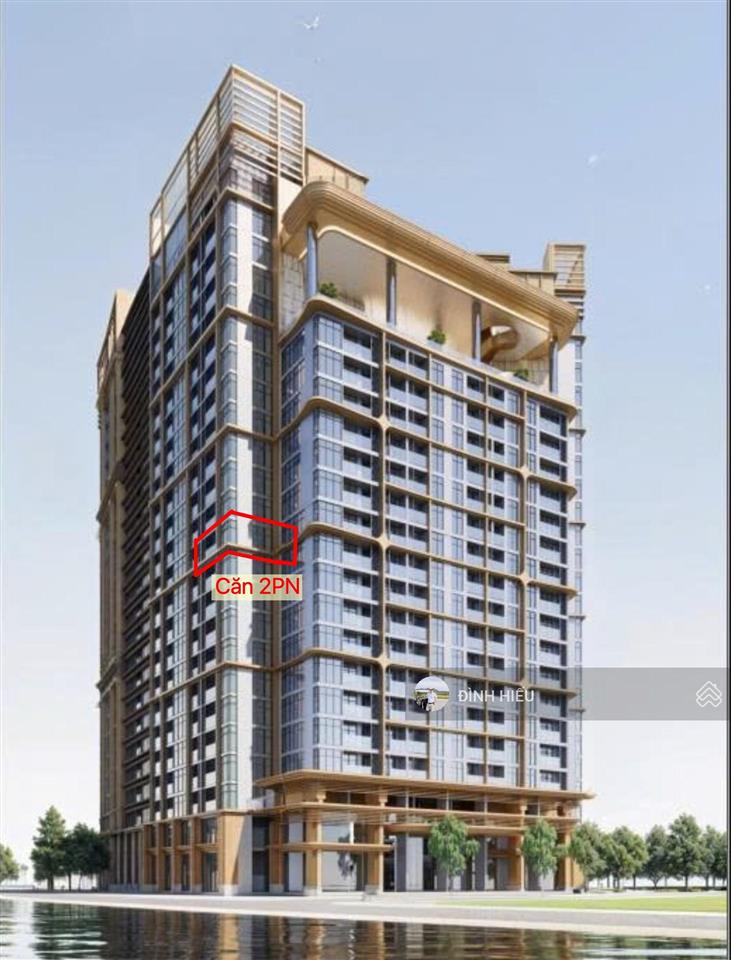 Căn 2pn độc quyền toà the charm view biển, sông. giá bán khoảng 6,1 tỷ | hỗ trợ lấy căn 24/7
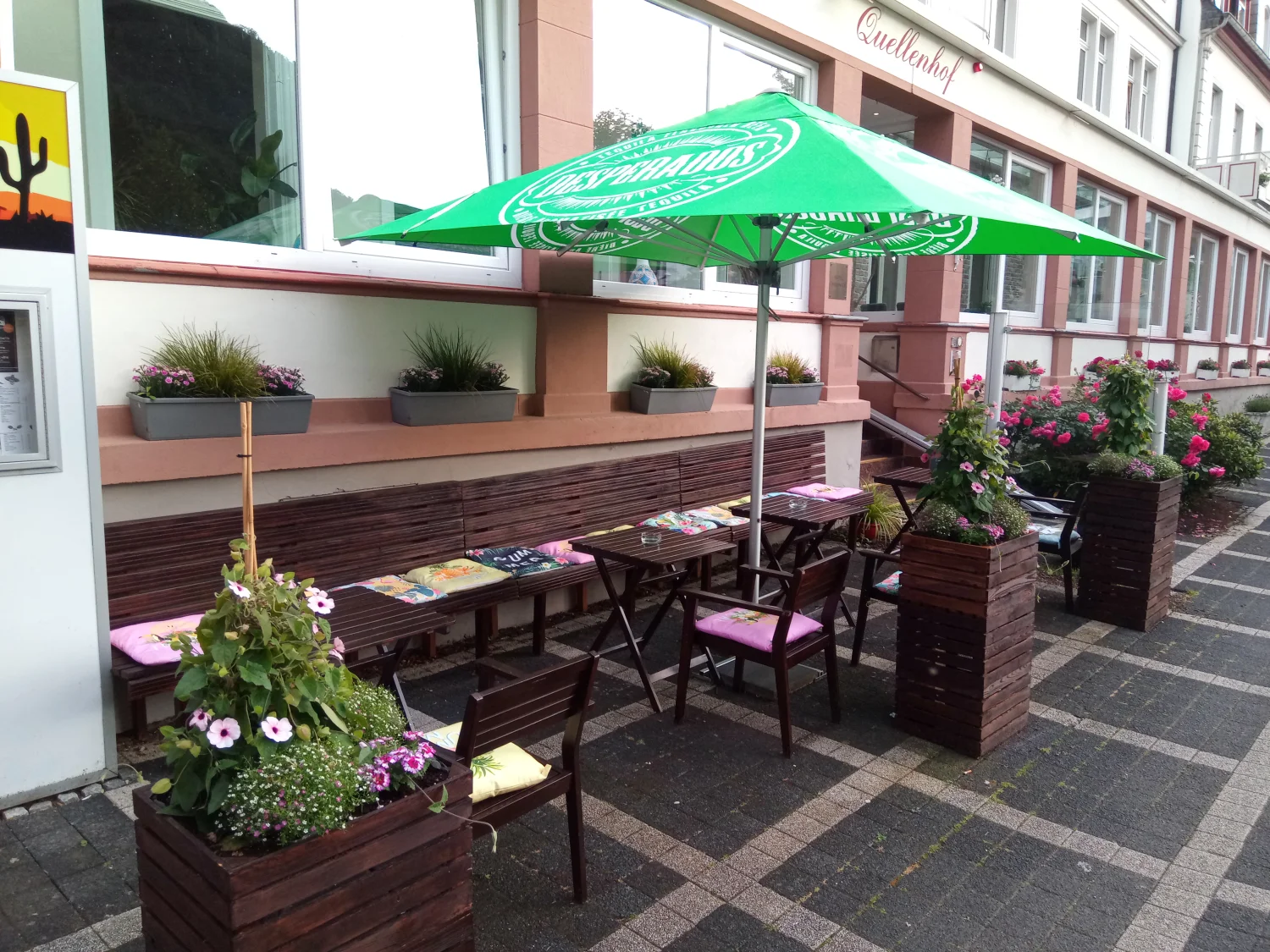 Ferienwohnungen Schmitz Ferienhaus mit Außenansicht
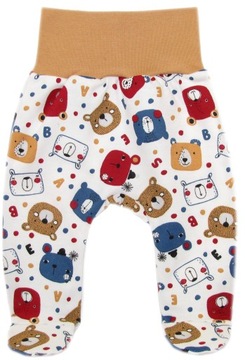 PÓŁŚPIOCHY BEZUCISKOWE r.74 KAIA-BABY BEAR /69/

EXERCISE DESCRIPTION — Reproduce the entire listing exactly, but omit any pictures.

TASK OUTPUT —
 Căn 2pn độc quyền toà the charm view biển, sông. giá bán khoảng 6,1 tỷ | hỗ trợ lấy căn 24/7
 Ferienwohnungen Schmitz Ferienhaus mit Außenansicht
 PÓŁŚPIOCHY BEZUCISKOWE r.74 KAIA-BABY BEAR /69/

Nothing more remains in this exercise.